Profusão de luzes em árvores e fachadas, músicas natalinas envolventes, lojas decoradas com motivos festivos, tudo concorre pra montar o clima. No ar um quê de magia, uma aura de bem-estar. Sente-se gosto e cheiro de felicidade, como se a vida, daí pra frente tivesse fatalmente que mudar, deixando para trás transtornos e frustrações do tempo que passou. Uma quadra de bonança, onde é proibido falar de problemas e complicações. Negócios maiores são postergados até por empresários de postura austera, como se proibido fosse queimar neurônios e “esquentar” num tempo que foi feito pra curtir.
Natal, festa religiosa, e Ano Novo, festa profana, se irmanam. Uma humaniza as pessoas, desperta sentimentos de solidariedade, de fraternidade. A outra nos faz ver o futuro com as lentes do otimismo. O tilintar de taças envolvido pelo ruído festivo e pela beleza dos fogos fecham o período.

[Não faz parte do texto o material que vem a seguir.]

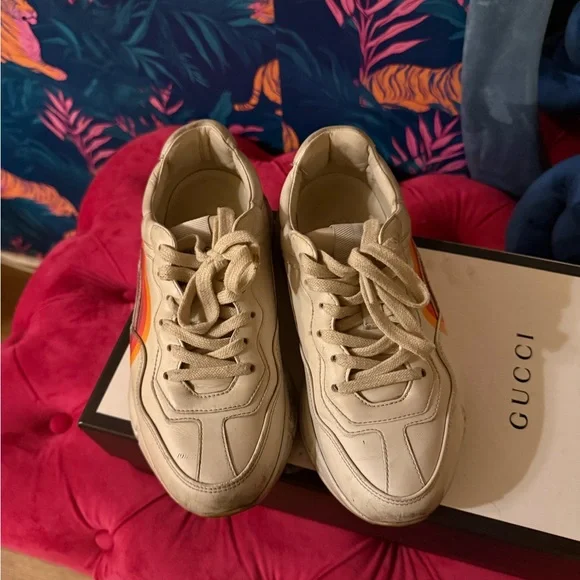 Gucci Black and Red Luxury Packaging - Picture 3 of 11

Razões pra tal comportamento coletivo? Não me arrisco a opinar. É ciência que não domino. No entanto, não custa arriscar um palpite, sob a forma de singela comparação.
Imaginem reação e sentimento de quem atravessa um deserto dia após dia, semana após semana, sol escaldante, areia frouxa e quente sob os pés, e de repente chega a um oásis. O frescor da água, a sombra das palmas e tamareiras, o vento ameno… A sensação de bem-estar é tal que o andarilho, se pudesse, ali se plantaria para sempre. Pois bem. Podemos comparar o deserto com o ano que fica para trás, de travessia sofrida, enervante, e as festas de fim de ano com o oásis. Tempo de retempero, de recarga de baterias. Tempo de cabeça fria.
Que as pessoas são influenciadas pela fantasia, não há dúvida. Que são movidas por forte comportamento de manada, é inquestionável. Isso, porém, não invalida o resultado: a sensação de bem-estar coletivo. As festas de fim de ano têm valor inestimável para a estabilidade emocional das pessoas, e em escala maior, da sociedade. Alguém já disse que o mês de dezembro é o sábado do ano. Mês das bermudas, do pé no chinelo, do traje casual. E ninguém se intrometa. Deixem as pessoas relaxar. Elas precisam. Até porque essas “férias” são curtas e logo, logo, ao raiar do 2 de janeiro, elas terão de deixar o oásis e cair novamente na aridez do deserto. Sem vida nova. Tudo como no ano anterior, sem refrigérios, sem enfeites, sem louçainhas. Com uma pequena diferença: Mente descansada, energias renovadas, mais confiança no futuro. Só isso.
É uma pena… A simples mudança do calendário não faz milagre.